The UNC group will lead the DataNet Federation Consortium, which includes seven universities. The infrastructure that the consortium will try to create would support collaborative multidisciplinary research and will "democratize access to information among researchers and citizen scientists alike," said Rob Pennington, program director in NSF's Office of Cyberinfrastructure.
"It means researchers on the cutting edge have access to new, more extensive, multidisciplinary datasets that will enable breakthroughs and the creation of new fields of science and engineering," he added.
The effort would be a "significant step in the right direction" in solving some of the key problems researchers run into, said Stan Ahalt, director at the Renaissance Computing Institute at UNC-Chapel Hill, which federates the consortium's data repositories to enable cross-disciplinary research. One of the issues researchers today grapple with is how to best manage data in a way that maximizes its utility to the scientific community, he said. Storing massive quantities of data and the lack of well-designed methods that allow researchers to use unstructured and structured data simultaneously are additional obstacles for researchers, Ahalt added.
The national data infrastructure may not solve everything immediately, he said, "but it will give us a platform for start working meticulously on more long-term rugged solutions or robust solutions."
DFC will use iRODS, the integrated Rule Oriented Data System, to implement a data management infrastructure.

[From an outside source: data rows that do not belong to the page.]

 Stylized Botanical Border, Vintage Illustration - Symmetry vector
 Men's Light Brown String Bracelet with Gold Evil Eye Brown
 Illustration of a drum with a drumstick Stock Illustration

Multiple federal agencies are already using the technology: the NASA Center for Climate Simulation, for example, imported a Moderate Resolution Imaging Spectroradiometer satellite image dataset onto the environment so academic researchers would have access, said Reagan Moore, principal investigator for the Data Intensive Cyber Environments research group at UNC-Chapel Hill that leads the consortium.

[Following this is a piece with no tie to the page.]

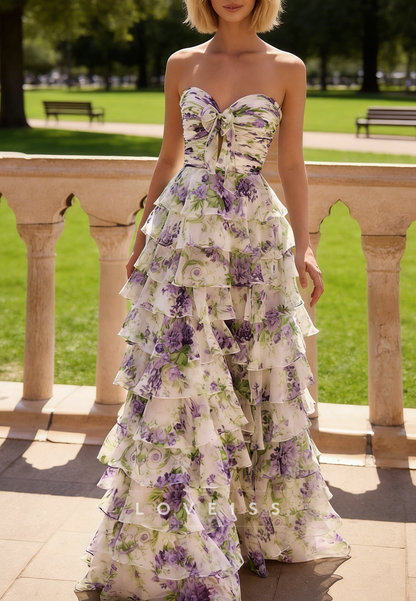 Sweetheart Floral Printed Chiffon A-Line Prom Dress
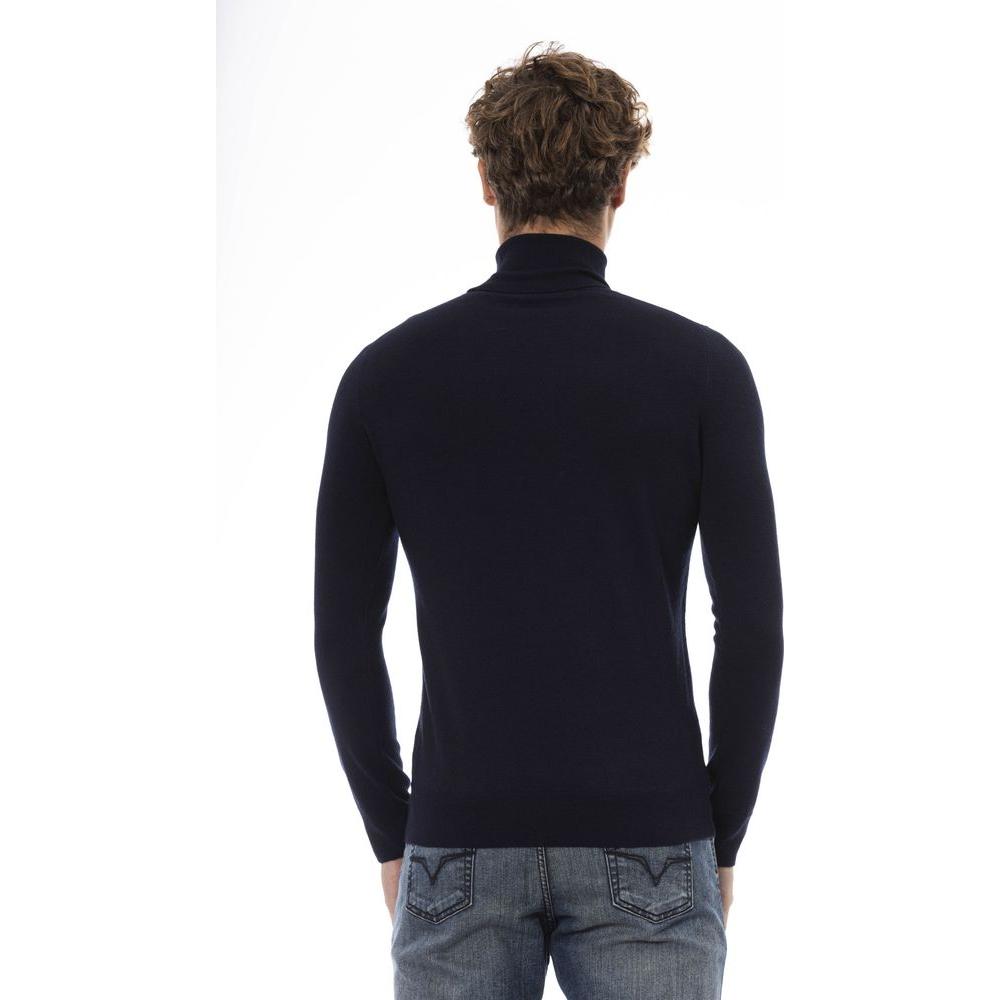 Baldinini Trend Blue Wool Men Sweater Baldinini Trend Dark Slate Gray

It's very typical for a scientific community to develop a set of practices around a particular methodology of collecting data, Ahalt explained. For example, hydrologists know where their censors are and what those mean from a geographical perspective. Those hydrologists put their data in a certain format that may not be obvious to someone who is, for example, doing atmospheric studies, he said.
"The long-term goal of this effort is to improve the ability to do research," Moore said. "If I'm a researcher in any given area, I'd like to be able to access data from other people working in the same area, collaborate with them, and then build a new collection that represents the new research results that are found. To do that, I need access to the old research results, to the observational data, to simulations or analyze what happens using computers, etc. These environments then greatly minimize the effort required to manage and distribute a collection and make it available to research."
For science research as a whole, Ahalt said the infrastructure could mean a lot more than just managing the data deluge or sharing information within the different research communities.
"Data is the currency of the knowledge economy," he said. "Right now, a lot of what we do collectively and globally from an economic standpoint is highly dependent on our ability to manipulate and analyze data. Data is also the currency of science; it's our ability to have a national infrastructure that will allow us to share those scientific assets."
The bottom line: "We'll be more efficient at producing new science, new innovation and new innovation knowledge," he said.